Question 8.T.11: Suppose that f ∈ R(a, b), and let F : [a, b] → R be defined ...
Suppose that f ∈ \mathcal{R}(a, b) , and let F : [a, b] → \mathbb{R} be defined by
F (x) = \int_{a}^{x}{f (t) dt}.
Then
(i) F is continuous and satisfies a Lipschitz condition on [a, b] .
(ii) If f is continuous at c ∈ [a, b] , F is differentiable at c and
F^{\prime} (c) = f (c) .
(i) Since f is bounded, there is a number K such that
|f (x)| ≤ K for all x ∈ [a, b] .
If x, y ∈ [a, b] and x < y, then, from the properties of the integral, we have
|F (y) − F (x)| = \left| \int_{a}^{y}{f (t) dt} − \int_{a}^{x}{f (t) dt}\right|
= \left| \int_{x}^{y}{f (t) dt} \right|
≤ \int_{x}^{y}{\left|f (t)\right| dt}
≤ \int_{x}^{y}{Kdt} = K |y − x| ,
which means F is Lipschitz continuous on [a, b] .
(ii) Suppose f is continuous at c. Then, given any ε > 0, there is a δ > 0 such that
x ∈ [a, b] , |x − c| < δ ⇒ |f (x) − f (c)| < ε.

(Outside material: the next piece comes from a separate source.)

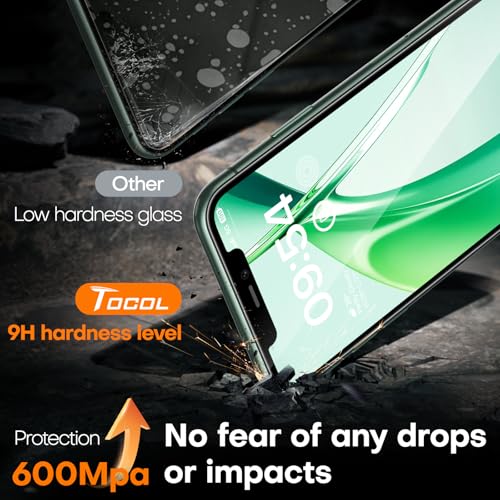 Image of TOCOL for iPhone 11 Pro Max Screen Protector 9H Hardness Military Grade Shatterproof HD Tempered Glass Full Coverage Easy Installation Case Friendly 2 Pack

If t lies between c and x, then |t − c| < δ and therefore |f (t) − f (c)| <
ε. Noting that
f (c) = \frac{1}{x − c} \int_{c}^{x}{f (c) dt}, x ≠ c,
we can write
\left|\frac{F (x) − F (c)}{x − c} − f (c)\right| = \left|\frac{1}{x − c} \int_{c}^{x}{[f (t) − f (c)] dt}\right|
≤ \frac{1}{\left|x − c\right|} \left|\int_{c}^{x}{\left|f (t) − f (c)\right| dt}\right|
≤ \frac{1}{\left|x − c\right|} \left|\int_{c}^{x}{εdt}\right| = ε,
which confirms that \lim_{x→c} \frac{F (x) − F (c)}{x − c} = f (c) , as required.